The filling can be made 2 to 3 days ahead and kept in the refrigerator.
Tamale Dough: Soak one package of cornhusks over night. They must be soft
to work with the next day.
Beat shortening in mixer until light and fluffy. Alternately add the masa
with the salt and chicken stock. Slowly add the melted butter. Continue to beat
for at least five minutes until it is the consistency of play dough. The dough
should not stick to your hands.
To assemble the tamales, drain the water from the cornhusk. One at a time,
flatten each husk with the narrow end facing you. Make a dough ball about the
size of a ping-pong ball and spread it onto the top 2/3 of the cornhusk. Do
not spread the dough all the way to the edge of the husk. Spread about 1 1/2
tablespoons of meat mixture down the middle of the masa. Roll up the cornhusk
starting at the narrow end of the tamale. Bring the narrow end of the tamale
forward and then fold in each side alternately.
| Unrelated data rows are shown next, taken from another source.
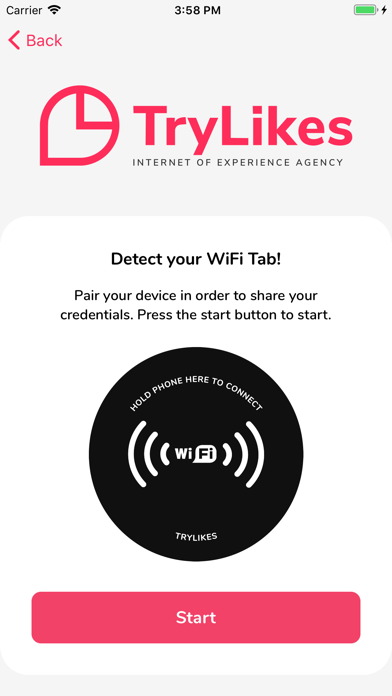 TryLikes WiFi Tab screenshot 4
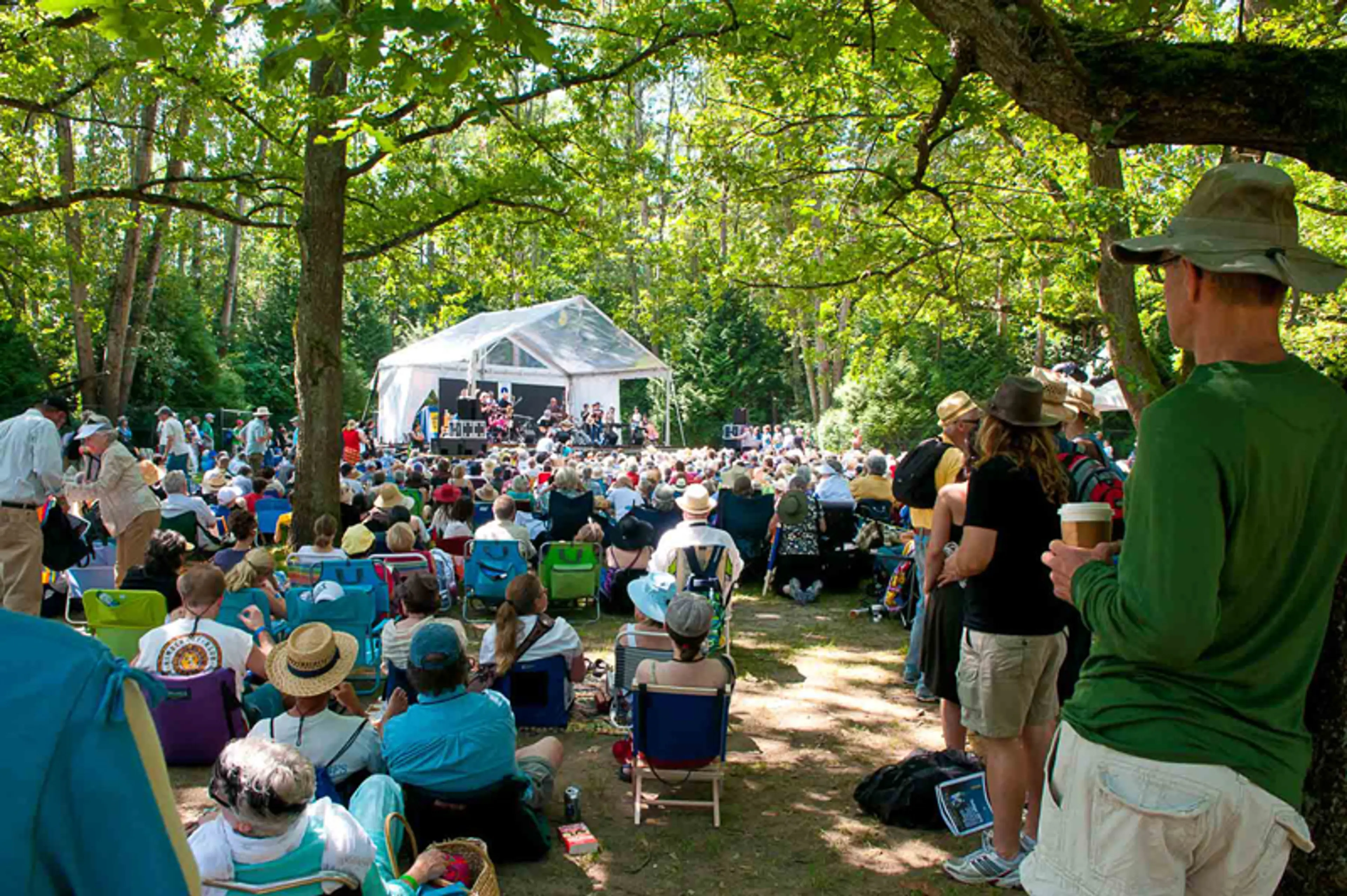 Vancouver Folk Festival 2018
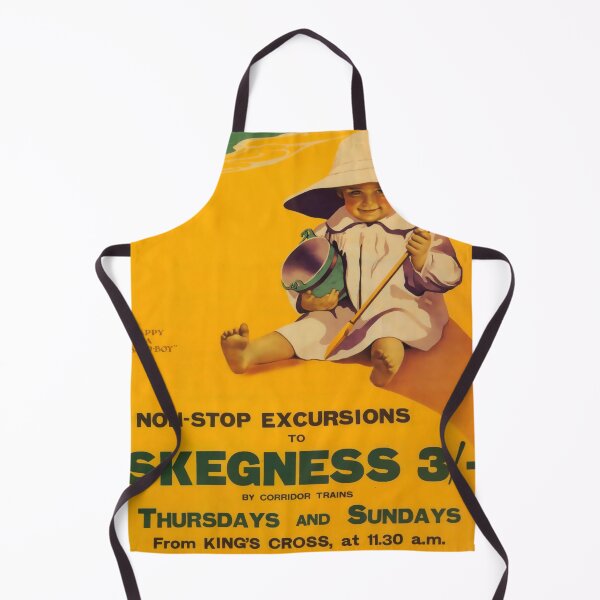 Item preview, Railway Poster Skegness designed and sold by stickart-marek.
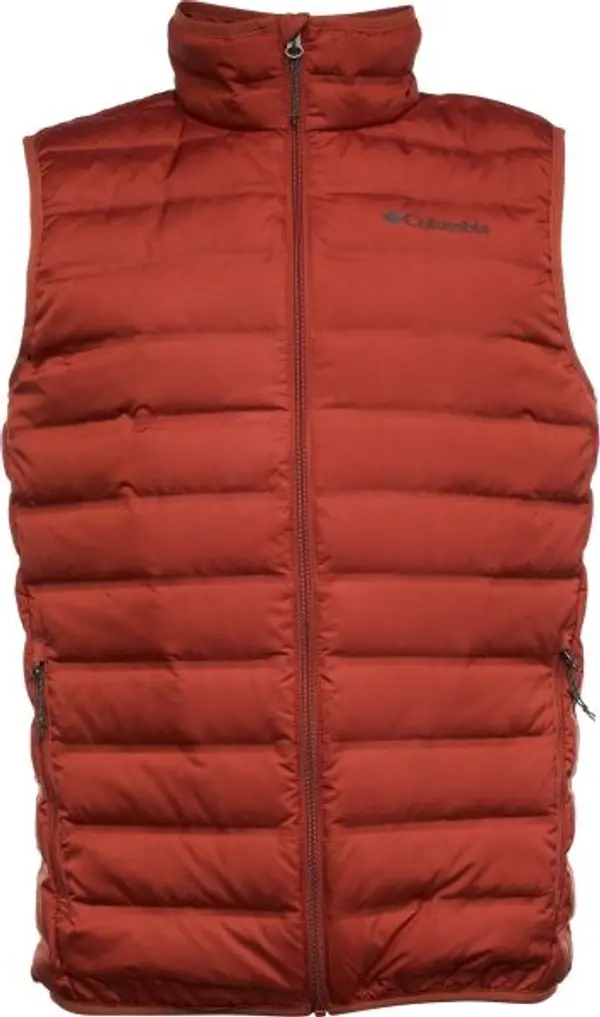 Columbia Columbia LAKE 22 DOWN VEST Мъжки елек, оранжево, размер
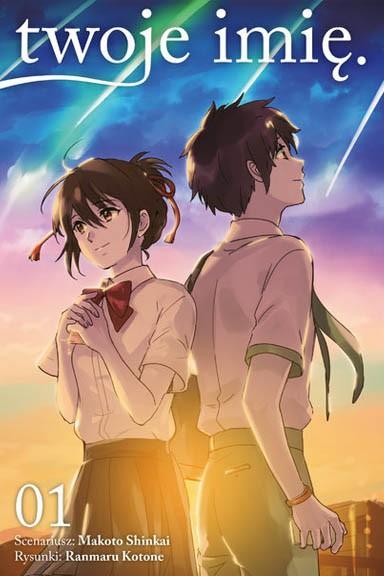 Okładka Kimi no na wa (Twoje imię) - tom 1
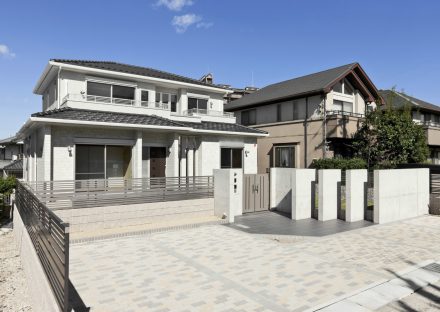 注文住宅外観デザインの写真集 名古屋の注文住宅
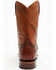 Image #5 - Cody James Black 1978&reg; Men's Carmen Exotic Full-Quill Ostrich Roper Boots - Round Toe, Cognac, hi-res
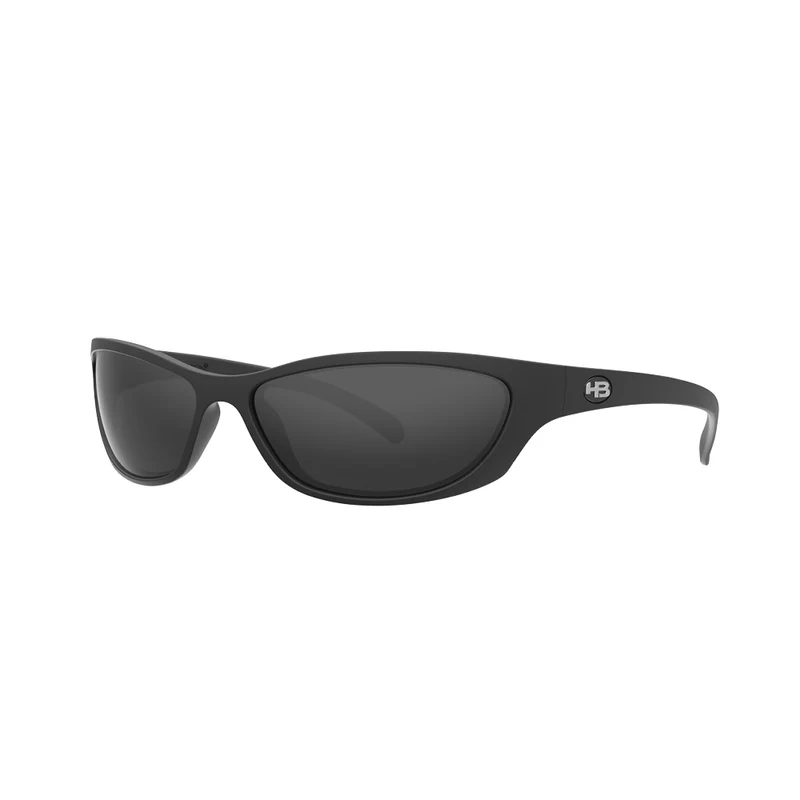 Óculos de Sol HB Still A Secret Matte Black Gray
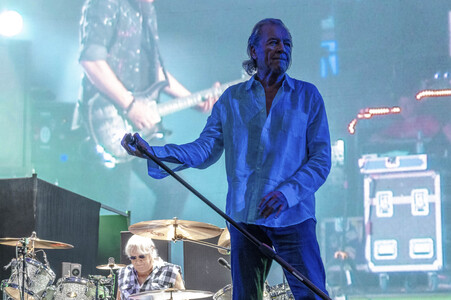 Konzert von Deep Purple in Stuttgart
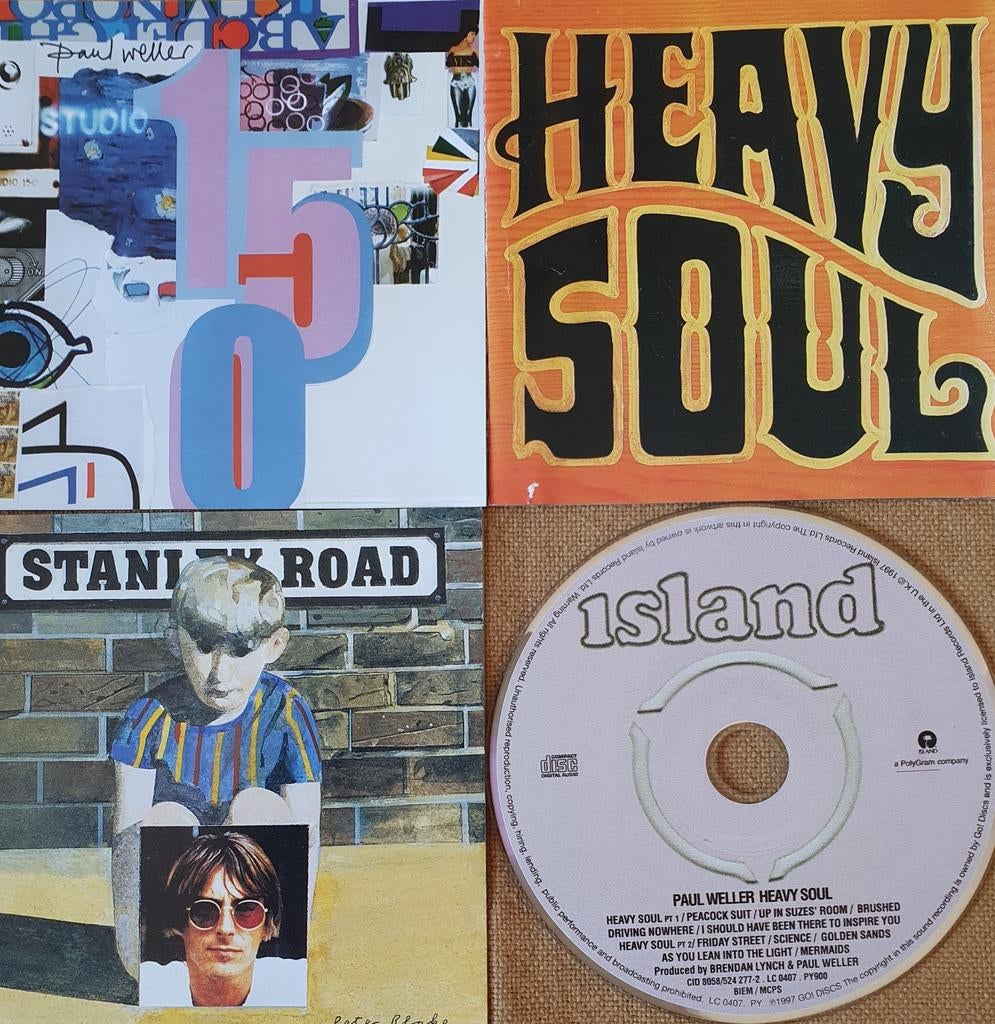 Paul Weller cd's mogen ook per stuk, Ophalen of Verzenden, Zo goed als nieuw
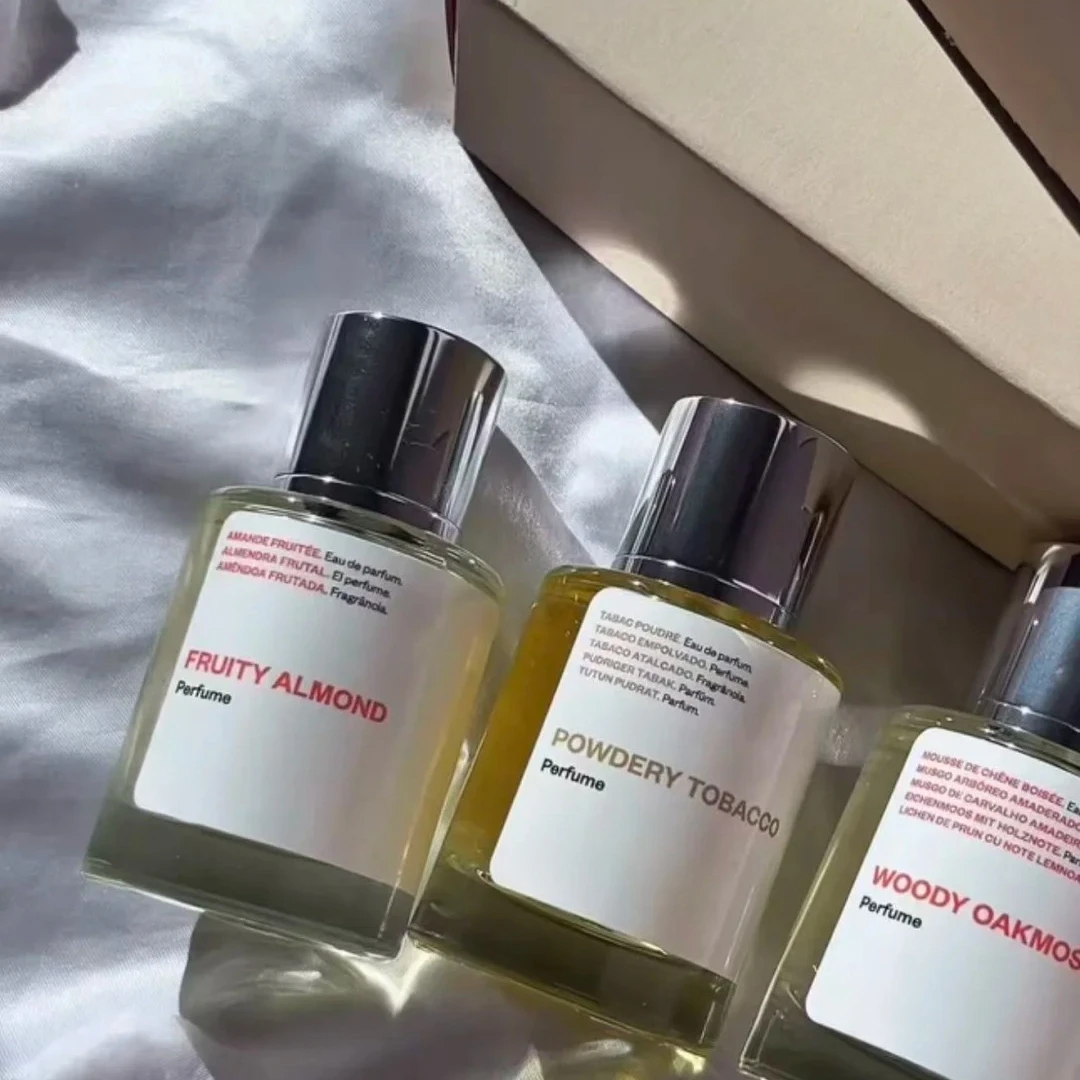 50 مللي عطر للجنسين زهرة الزعفران العربي العنبر زهرة الفانيليا الخطمي Gourmand الأبيض هدية عيد ميلاد شحن مجاني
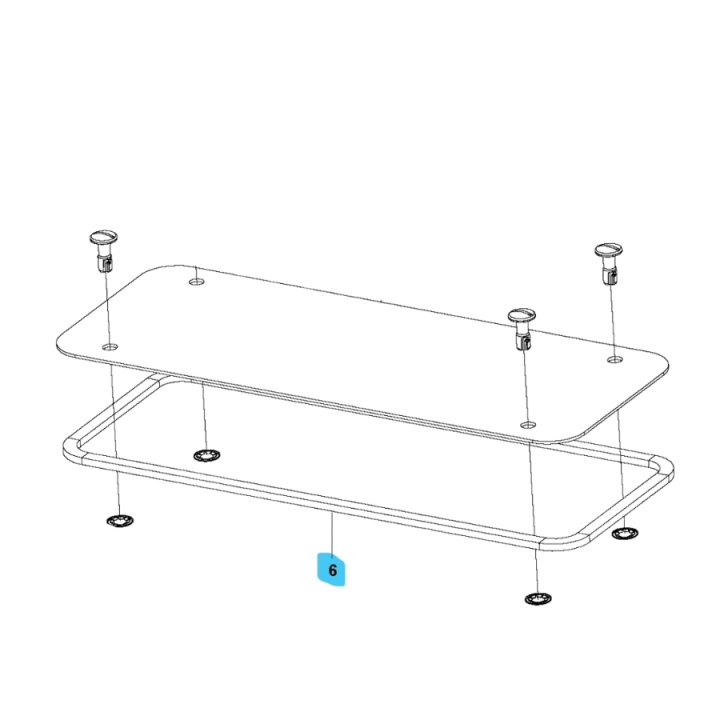 Sealing 5818724-01 in the group  at Gräsklipparbutiken (5818724-01)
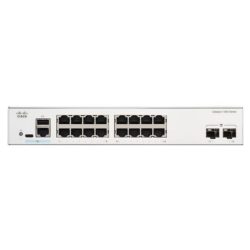 Switch Cisco C1300-16T-2G (Gigabit 1000Mbps/ 16 Cổng/ 2 SFP/ Managed Switch)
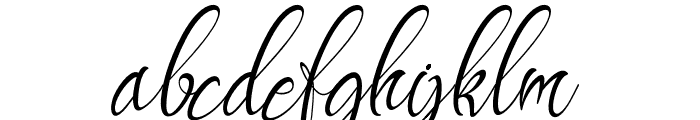 WAFONAK Font LOWERCASE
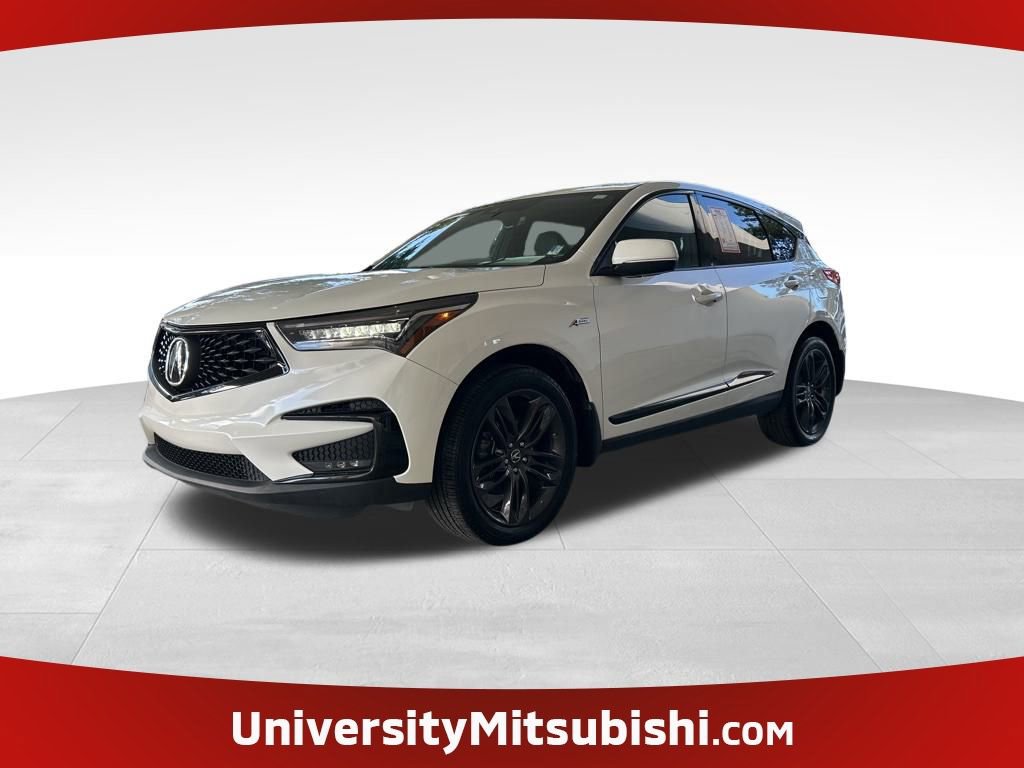Used 2019 Acura RDX A-Spec image 1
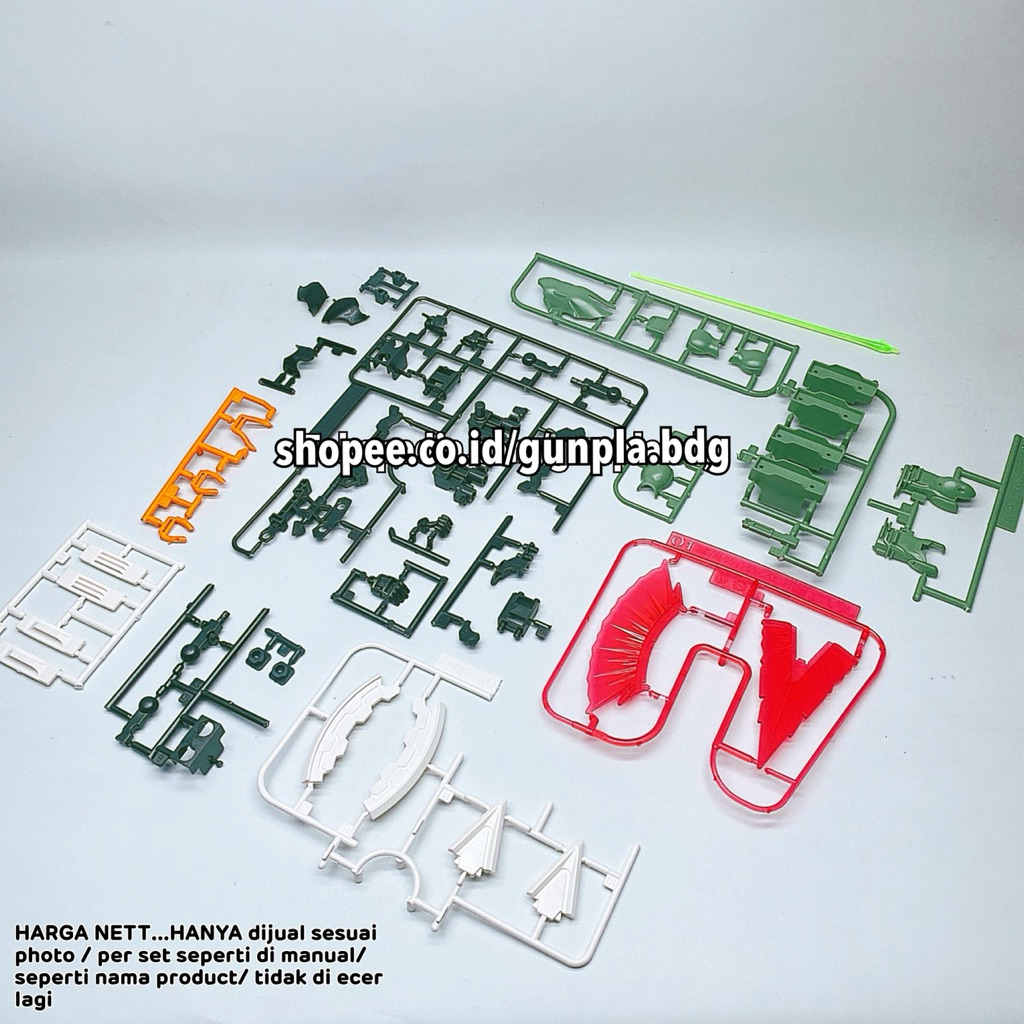 Bandai HGUC Gundam Kshatriya Repair Part Arms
Tie off with twine or a strip
of cornhusk.
Place the wrapped tamales in a steamer standing with the open side up and
steam covered for about 45 minutes to one hour. The masa will be firm. Make
sure the steamer does not run out of water. Check it often. Remove and serve
with Chipotle Cream Sauce.
Chipotle Cream Sauce: Combine all ingredients and simmer until melted.
Serve with hot tamales.
Yield: 6 servings
To freeze the tamales for later use, refrigerate uncovered until cool and then
freeze in heavy foil.
They can be frozen for up to three months.